OK, here it is, the IY family tree of our teacher’s and our teacher’s teachers. First a quick review of all the teachers mentioned : T. Krishnamacharya (the source), K Pattabhi Jois (Asthanga), BKS Iyengar (Iyengar), TVK Desikachar (Yoga Therapy), Ana Forrest (Forrest Yoga). Got it?
Dana and Trevor have all studied directly with K Pattabhi Jois in Mysore, India and in the U.S. and traveled to India in 2009 for his Memorial Service. (they also met in Mysore in 2001). Holly, Janike & Aryn have studied with him during his U.S visits. Dana has also studied in India with R Sharath, the grandson of K Pattabhi Jois.
Dana, Trevor, Holly & Janike have all taken Tim Miller’s teacher training.
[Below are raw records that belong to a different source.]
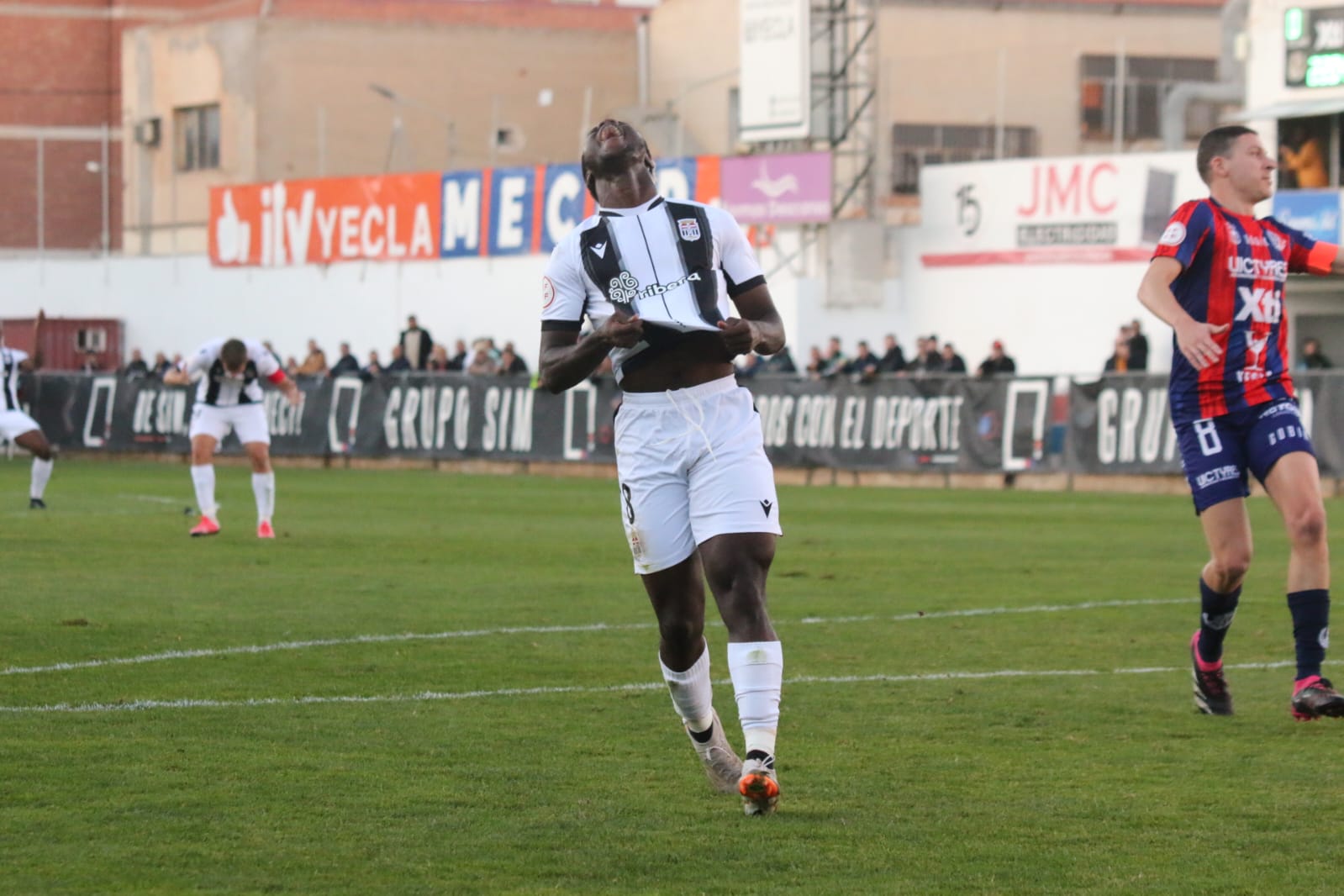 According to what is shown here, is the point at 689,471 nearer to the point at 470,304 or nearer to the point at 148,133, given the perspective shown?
the point at 470,304

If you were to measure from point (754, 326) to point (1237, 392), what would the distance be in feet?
9.17

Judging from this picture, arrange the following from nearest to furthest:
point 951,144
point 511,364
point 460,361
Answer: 1. point 511,364
2. point 460,361
3. point 951,144

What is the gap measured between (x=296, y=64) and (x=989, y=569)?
4273 cm

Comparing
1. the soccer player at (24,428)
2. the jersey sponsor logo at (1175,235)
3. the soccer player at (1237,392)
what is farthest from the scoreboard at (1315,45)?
the jersey sponsor logo at (1175,235)

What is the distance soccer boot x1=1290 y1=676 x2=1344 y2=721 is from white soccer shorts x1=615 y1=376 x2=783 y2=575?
271cm

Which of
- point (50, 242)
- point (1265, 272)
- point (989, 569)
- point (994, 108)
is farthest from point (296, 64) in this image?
point (1265, 272)

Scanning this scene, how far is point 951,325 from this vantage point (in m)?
39.9

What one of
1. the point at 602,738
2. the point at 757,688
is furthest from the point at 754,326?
the point at 602,738

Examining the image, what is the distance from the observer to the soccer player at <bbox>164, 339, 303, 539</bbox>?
19562 millimetres

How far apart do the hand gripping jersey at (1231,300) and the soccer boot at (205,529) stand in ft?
40.1

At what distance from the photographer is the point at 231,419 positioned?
19953 mm

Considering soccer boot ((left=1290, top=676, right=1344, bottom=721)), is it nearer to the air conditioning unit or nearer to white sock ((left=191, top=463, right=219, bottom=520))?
white sock ((left=191, top=463, right=219, bottom=520))

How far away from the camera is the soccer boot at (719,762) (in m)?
7.19

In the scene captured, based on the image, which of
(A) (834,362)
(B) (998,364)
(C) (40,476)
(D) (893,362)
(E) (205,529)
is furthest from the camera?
(A) (834,362) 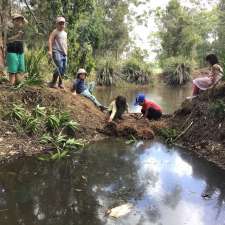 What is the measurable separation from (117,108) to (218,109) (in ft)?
7.99

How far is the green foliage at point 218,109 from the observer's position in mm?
9287

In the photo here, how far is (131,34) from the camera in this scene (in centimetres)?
3453

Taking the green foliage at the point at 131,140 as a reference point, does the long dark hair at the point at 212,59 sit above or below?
above

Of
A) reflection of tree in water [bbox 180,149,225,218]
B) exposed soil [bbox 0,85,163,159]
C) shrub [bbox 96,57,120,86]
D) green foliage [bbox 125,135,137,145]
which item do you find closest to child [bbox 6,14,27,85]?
exposed soil [bbox 0,85,163,159]

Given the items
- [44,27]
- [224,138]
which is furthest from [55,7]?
[224,138]

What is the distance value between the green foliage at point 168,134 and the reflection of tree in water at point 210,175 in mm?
923

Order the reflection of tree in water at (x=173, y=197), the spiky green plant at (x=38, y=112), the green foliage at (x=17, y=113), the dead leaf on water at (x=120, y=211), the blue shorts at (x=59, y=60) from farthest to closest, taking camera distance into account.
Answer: the blue shorts at (x=59, y=60), the spiky green plant at (x=38, y=112), the green foliage at (x=17, y=113), the reflection of tree in water at (x=173, y=197), the dead leaf on water at (x=120, y=211)

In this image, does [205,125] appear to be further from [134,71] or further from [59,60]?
[134,71]

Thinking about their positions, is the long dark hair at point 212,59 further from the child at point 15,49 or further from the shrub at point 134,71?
the shrub at point 134,71

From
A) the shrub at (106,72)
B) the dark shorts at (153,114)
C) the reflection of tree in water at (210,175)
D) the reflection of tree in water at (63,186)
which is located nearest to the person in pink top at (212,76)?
the dark shorts at (153,114)

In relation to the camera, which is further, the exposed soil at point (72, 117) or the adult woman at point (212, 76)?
the adult woman at point (212, 76)

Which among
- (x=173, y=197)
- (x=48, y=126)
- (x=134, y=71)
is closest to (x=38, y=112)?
(x=48, y=126)

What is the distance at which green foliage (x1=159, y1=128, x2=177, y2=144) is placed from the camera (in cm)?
980

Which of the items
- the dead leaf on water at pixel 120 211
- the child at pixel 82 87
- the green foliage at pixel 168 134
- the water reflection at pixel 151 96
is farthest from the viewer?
the water reflection at pixel 151 96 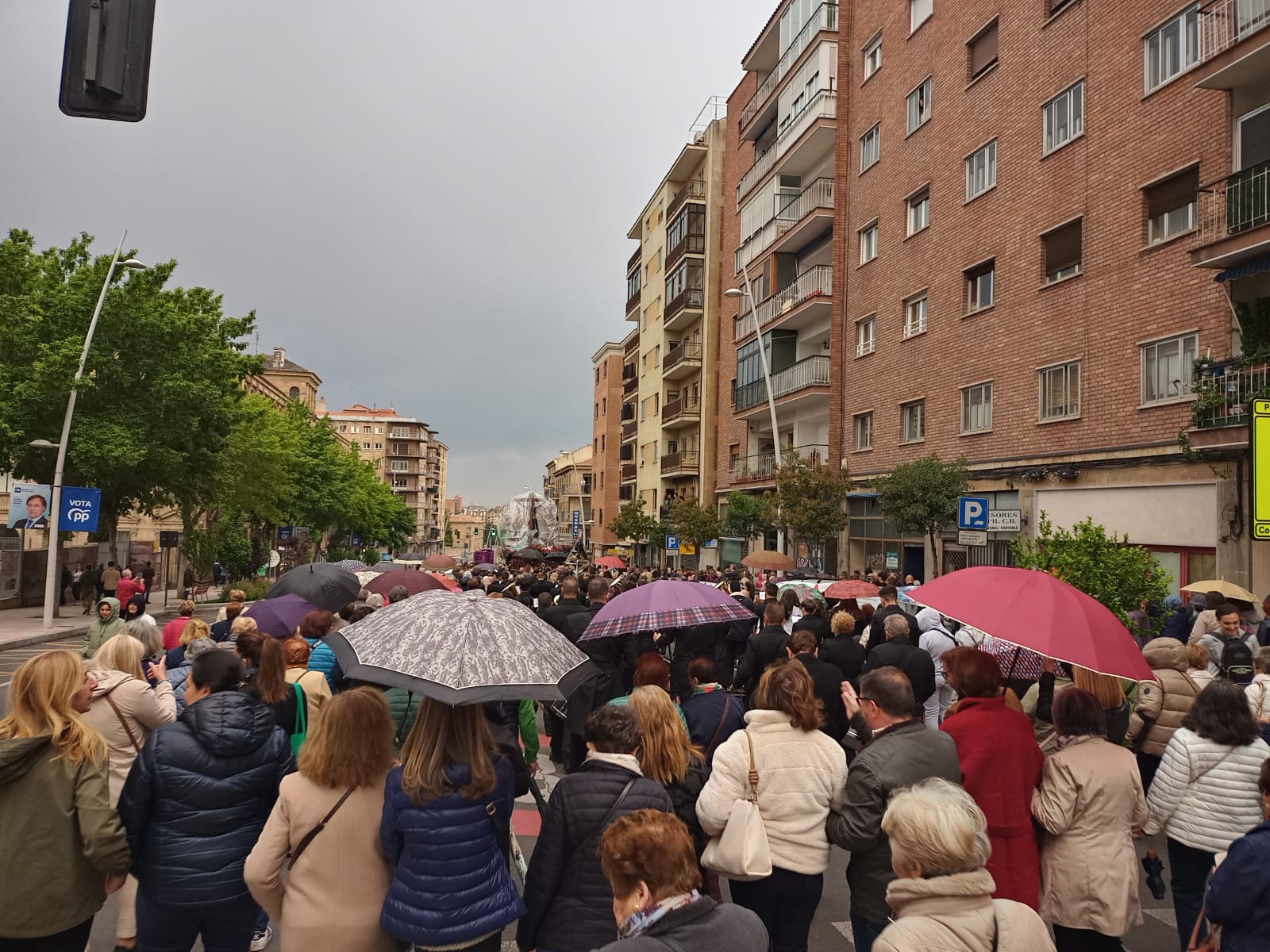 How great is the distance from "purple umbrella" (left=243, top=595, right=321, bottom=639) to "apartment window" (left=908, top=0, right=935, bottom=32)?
2468cm

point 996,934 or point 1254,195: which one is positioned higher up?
point 1254,195

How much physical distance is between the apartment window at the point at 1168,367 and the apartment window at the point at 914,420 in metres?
7.99

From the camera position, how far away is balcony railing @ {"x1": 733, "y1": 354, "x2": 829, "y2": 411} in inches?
1224

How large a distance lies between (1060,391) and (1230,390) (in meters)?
5.13

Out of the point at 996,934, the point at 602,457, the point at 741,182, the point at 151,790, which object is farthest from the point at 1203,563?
the point at 602,457

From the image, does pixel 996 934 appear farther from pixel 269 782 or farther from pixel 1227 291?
pixel 1227 291

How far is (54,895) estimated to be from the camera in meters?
3.55

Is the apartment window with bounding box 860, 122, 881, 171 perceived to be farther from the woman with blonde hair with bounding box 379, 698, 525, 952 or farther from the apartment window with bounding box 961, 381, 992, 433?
the woman with blonde hair with bounding box 379, 698, 525, 952

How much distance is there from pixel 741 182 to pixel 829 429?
15.1 meters

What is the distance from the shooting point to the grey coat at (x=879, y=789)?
3.94 metres

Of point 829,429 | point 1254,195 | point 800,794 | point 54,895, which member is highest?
point 1254,195

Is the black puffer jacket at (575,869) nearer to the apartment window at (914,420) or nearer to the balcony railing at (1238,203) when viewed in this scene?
the balcony railing at (1238,203)

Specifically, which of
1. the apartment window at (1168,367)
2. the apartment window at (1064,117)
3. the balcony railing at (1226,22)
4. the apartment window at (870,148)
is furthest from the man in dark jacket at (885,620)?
the apartment window at (870,148)

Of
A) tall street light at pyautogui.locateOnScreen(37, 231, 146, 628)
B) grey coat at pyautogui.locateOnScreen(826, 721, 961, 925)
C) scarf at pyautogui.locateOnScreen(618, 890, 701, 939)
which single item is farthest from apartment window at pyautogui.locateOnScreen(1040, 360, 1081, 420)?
tall street light at pyautogui.locateOnScreen(37, 231, 146, 628) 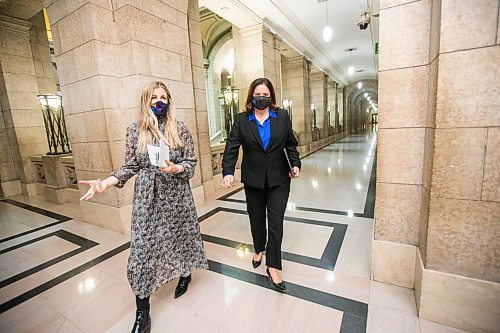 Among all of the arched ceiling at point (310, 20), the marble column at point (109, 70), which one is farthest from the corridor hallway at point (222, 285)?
the arched ceiling at point (310, 20)

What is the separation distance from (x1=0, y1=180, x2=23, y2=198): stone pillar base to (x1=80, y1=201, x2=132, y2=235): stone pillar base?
412cm

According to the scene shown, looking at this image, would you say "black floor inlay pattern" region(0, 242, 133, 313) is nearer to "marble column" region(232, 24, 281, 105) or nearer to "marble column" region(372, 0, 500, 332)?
"marble column" region(372, 0, 500, 332)

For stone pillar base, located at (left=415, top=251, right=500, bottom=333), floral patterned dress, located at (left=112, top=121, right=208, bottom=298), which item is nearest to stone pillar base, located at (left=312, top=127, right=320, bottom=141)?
stone pillar base, located at (left=415, top=251, right=500, bottom=333)

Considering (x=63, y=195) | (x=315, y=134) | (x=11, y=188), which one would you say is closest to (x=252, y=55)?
(x=63, y=195)

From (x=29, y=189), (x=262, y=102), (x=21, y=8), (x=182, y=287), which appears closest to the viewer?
(x=262, y=102)

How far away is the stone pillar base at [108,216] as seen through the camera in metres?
3.55

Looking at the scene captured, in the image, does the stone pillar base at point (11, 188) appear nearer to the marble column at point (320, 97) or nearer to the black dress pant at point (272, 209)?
the black dress pant at point (272, 209)

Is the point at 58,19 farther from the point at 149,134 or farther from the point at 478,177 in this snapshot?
the point at 478,177

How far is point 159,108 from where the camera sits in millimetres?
1778

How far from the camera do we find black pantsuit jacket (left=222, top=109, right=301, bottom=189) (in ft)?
6.78

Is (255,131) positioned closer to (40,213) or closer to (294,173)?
(294,173)

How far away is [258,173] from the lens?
6.86 ft

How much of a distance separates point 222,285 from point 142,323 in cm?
72

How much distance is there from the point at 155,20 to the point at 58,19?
1462 mm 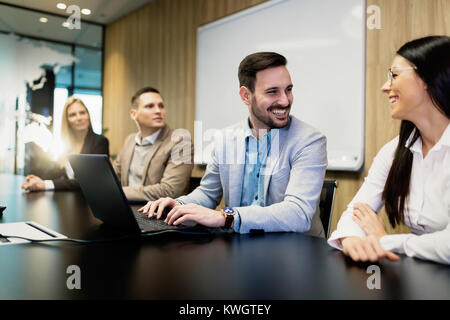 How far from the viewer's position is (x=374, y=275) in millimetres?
800

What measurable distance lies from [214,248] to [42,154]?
351cm

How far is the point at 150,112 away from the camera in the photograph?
3.03 metres

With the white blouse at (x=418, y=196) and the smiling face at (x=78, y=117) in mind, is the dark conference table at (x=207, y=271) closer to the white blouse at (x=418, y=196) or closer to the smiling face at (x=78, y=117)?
the white blouse at (x=418, y=196)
Tim was the first American to be certified by K Pattabhi Jois to teach the Ashtanga Vinyasa system.
Dana & Trevor have both taken Iyengar teacher trainings. Not directly with Mr. Iyengar, but with senior Iyengar teachers Roger Cole (Dana) and Eddy Marks & Mary Obendorfer (Trevor). Dana and Trevor have also taken multiple workshops and classes with senior Iyengar teachers.
Dana & Trevor have both studied briefly, but directly, with TKV Desikachar (Krishnamacharya’s son). Dana has both studied with Kausthub Desikachar, son of TKV Desikachar, and grandson of T. Krishnamacharya.
Dana has completed teacher training with Ana Forrest (Ana’s first teacher training). Trevor has taken workshops with Ana.
Aryn, Janike & Lauren have all completed Infinite Yoga’s Teacher Training with Dana, and are Registered Yoga Teachers with Yoga Alliance.
Trevor, Aryn, Janike & Lauren have all studied with Infinite Yoga for many years. The combination of this with their dedication to Ashtanga Yoga, brings consistency and quality to the teaching you experience at Infinite Yoga.
So there is our IY family tree. You can see how our classes and our teachers are all connected. Whenever you attend class you become part of that connection, the yoga community, with a solid path and a yoga lineage that has been passed down from teacher to teacher for thousands of years!
I hope you’ve found this useful and gained some insight.